When Kyra Burns signed her letter of intent last fall, she passed on the signing ceremony at Blue Springs High School. The recognition, she figured, could come during another ceremony later in the year.


That ceremony never came. The COVID-19 pandemic took care of that, along with the rest of her senior year and gymnastics season.


“I don’t regret anything that’s happened so far,” Burns said. “Everything happens for a reason.”


Rather than look back at what’s been lost, Burns has kept looking ahead toward her future. The letter she signed last fall was to compete in gymnastics at Missouri, and focusing on that promise has helped her endure having her world put on hold.


“Looking forward has definitely kept me motivated,” Burns said in a phone interview. “It makes me more excited for quarantine to be done and what I can do in the future.”


Burns created that future at Xtreme Gymnastics in Lee’s Summit, rising through the ranks to become a level 10 gymnast. A four-time Junior Olympics national qualifier, she was the national all-around uneven bars champion in 2018 and national runner-up in vault last year. She’s also a two-time Region 4 all-around champion.


Burns earned those honors with career-best scores of 9.9 in the vault, 9.75 on the bars, 9.7 in floor exercise, 9.2 on the balance beam and 38.325 all-around. Her vault score may be better, but Burns believes her strength lies in the uneven bars.


“I just love bars,” Burns said. “I used to struggle on it a lot. But as time went on I got better and learned to love it.


Those accomplishments drew Mizzou’s attention, and Burns happily inked her letter with the Tigers last November. More attention would have been nice, but it didn’t seem very necessary at the time.


“I signed already so I was proud of that,” said Burns, who turned 18 on Wednesday. “I don’t feel like I needed to sign in front of a whole bunch of people. I just felt like I needed to sign for myself.


“I’m super excited to go to Mizzou. As soon as I got on campus it all just felt right.”


Burns won’t be on campus until this fall, and that depends on how long the coronavirus lockdown lasts.

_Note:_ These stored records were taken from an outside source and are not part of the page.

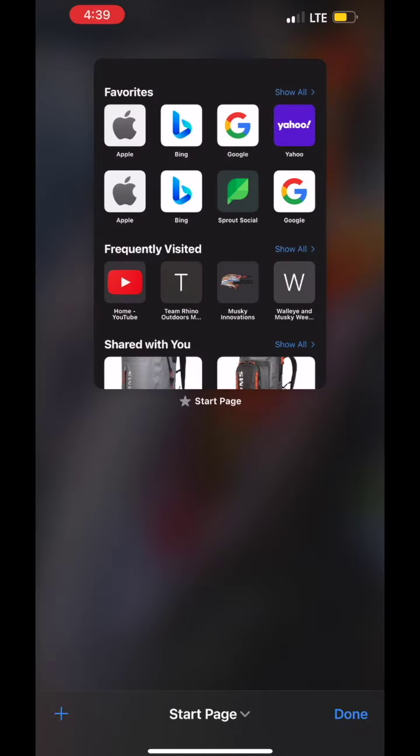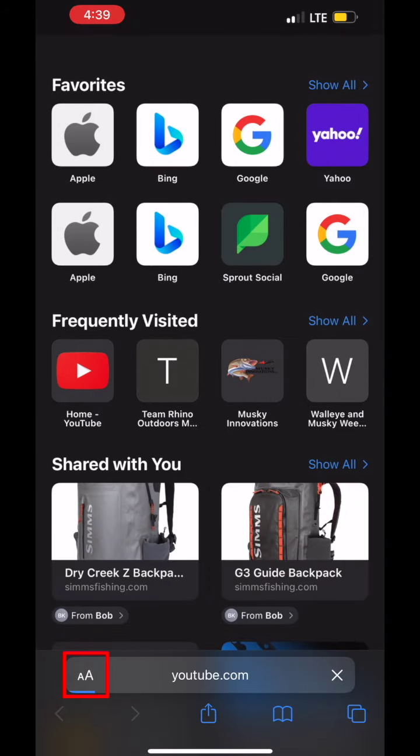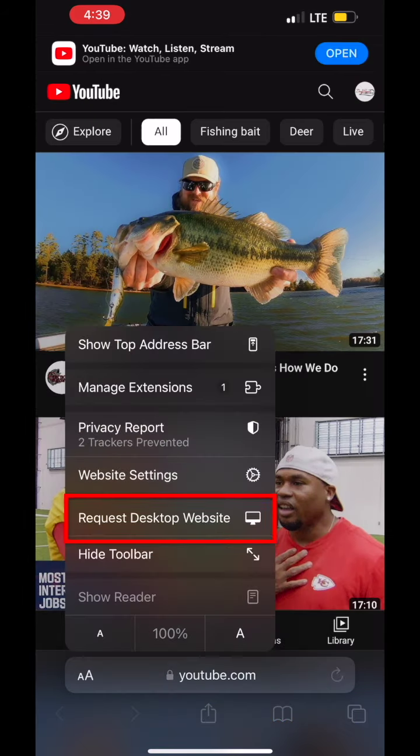Hey guys, if you want to access this exclusive content, I'm going to show you a quick way to get there. If you're an Apple user, you're going to need to go to Safari, type in youtube.com. Once you're there, you're going to look in the bottom left-hand corner by the URL. You're going to see a large A and a small a. You're going to want to click on that and select desktop version.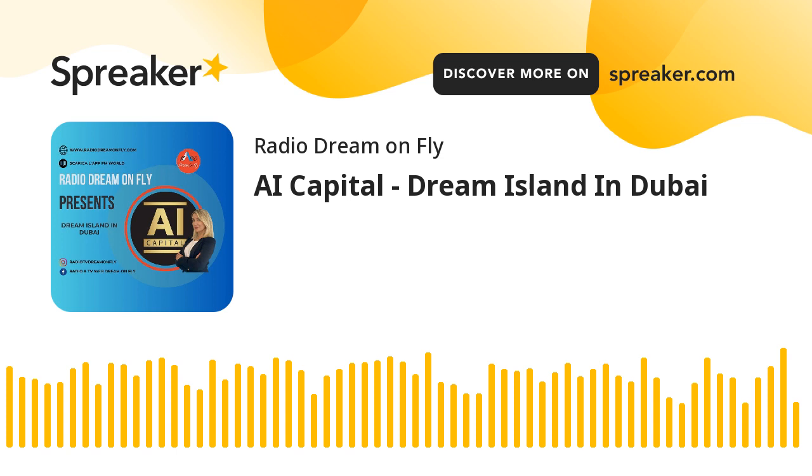In addition to these Palm Islands, the World Island Project stands as another testament to Dubai's vision. Shaped like the world map, it comprises almost 300 islands, offering unique opportunities for residential, commercial, and leisure developments, which makes these projects together represent Dubai's commitment to pushing boundaries and redefining possibilities, captivating the world with their grandeur and ambition.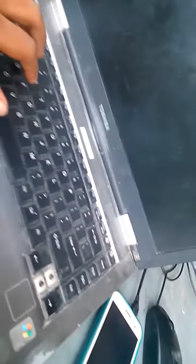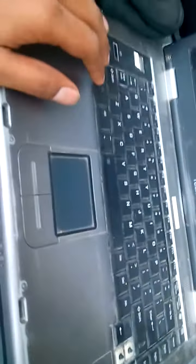Hello and welcome to my YouTube channel. Today I will be telling you about the new features of this Toshiba laptop. As you know, Toshiba recently launched a new laptop.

Normally she would be training for nationals now, but that meet has been wiped out with the rest of the season. And Xtreme Gymnastics is closed, so she can’t work out there either.


Like so many other athletes in limbo, she’s doing what she can from home to be ready for next fall.


“Right now we’re doing Zoom workouts as a team,” Burns said. “It’s not bad. You’ve got company doing it. We’re mostly doing conditioning, so I can’t do what I need to train.”


It’s been a frustrating pause for Burns, who has been in gymnastics since she was a 3-year-old girl who mimicked every event while watching the 2004 Olympics. But she keeps looking forward, and that has helped her persevere.


“It’s definitely hard being stuck at home,” Burns said. “And it’s hard to find that constant motivation to keep up with school. But it definitely helps when you think that everybody’s going through it and you have a very close family and close friends.”